Combine all ingredients in a dish of your choice- Crock Pot or Oven Safe.
OVEN- In a small oven safe glass dish, coat the dish in non-stick spray and stir in all ingredients except the cream cheese. Next add the cream cheese in chunks evenly throughout.
CROCKPOT- Line a small, 2qt, slow cooker with a Reynolds slow cooker liner (for easy cleanup) and combine all ingredients except the cream cheese which you will drop in as chunks.
OVEN- Cook at 400 for 20-30 minutes, stirring halfway through, until bubble and beginning to brown on top.
CROCKPOT- Cook on High heat for 2-4 hours, or longer at a lower heat, until the mixture is bubbly.

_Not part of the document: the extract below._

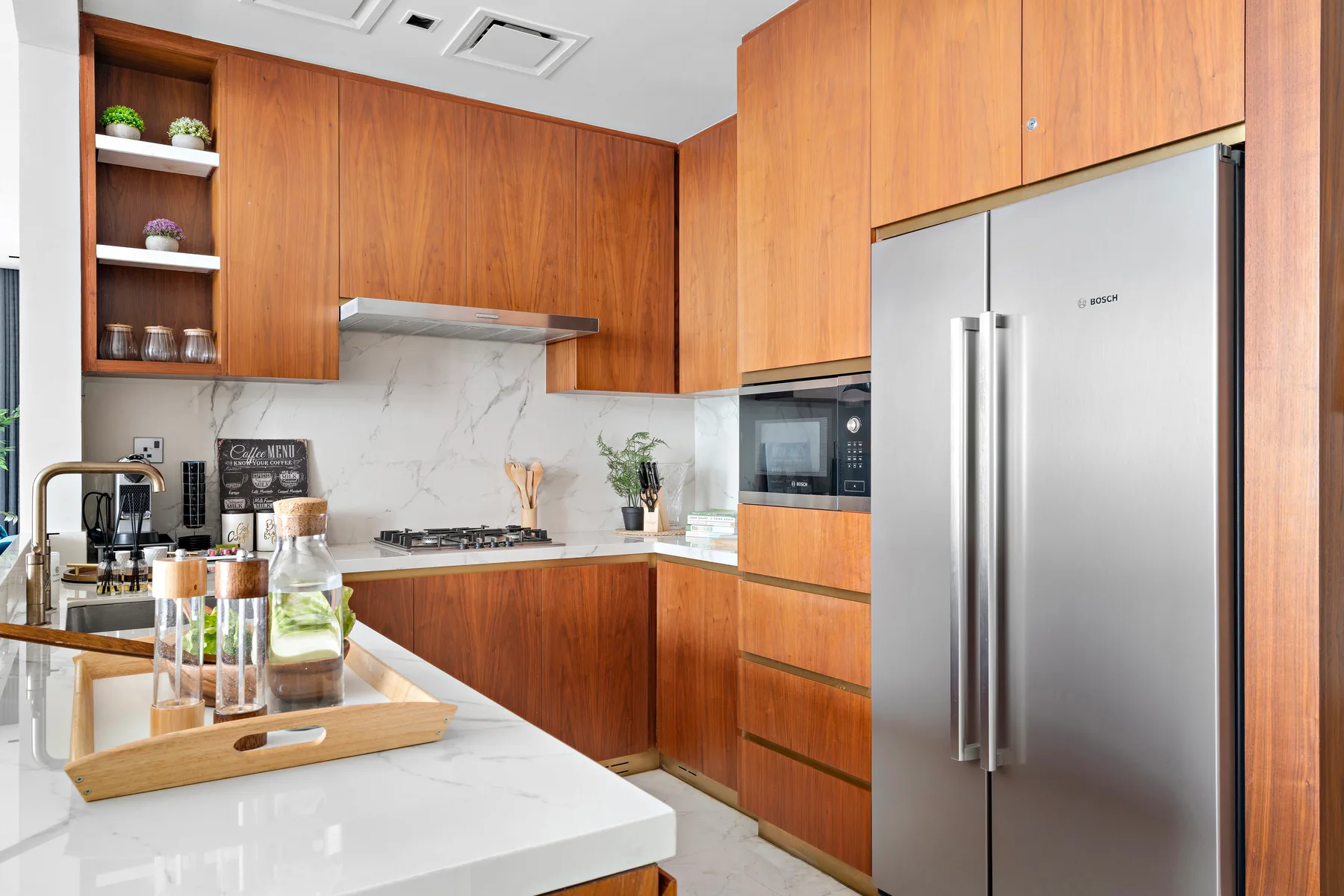 A modern kitchen with wooden cabinets, a countertop, and stainless steel appliances.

Serve dip hot with bread, crackers or tortilla chips. You can use any vehicle you like to carry the dip.
You could cool the mixture and then, using wax paper, roll into a ball and then roll the ball in shredded sharp cheese for a cheese ball and then serve cold with crackers. You can also use left overs for homemade potato skins, a topper for baked potatoes or just about anything that bacon, cheese and chives go well with. Hot or cold this is some delish dip!
You can play with the cheese, parmesan is a good addition. You can easily double to triple this recipe. Add more bacon if you like! It would be really hard to mess this up and very easy to adapt it to your taste. The mixture freezes well.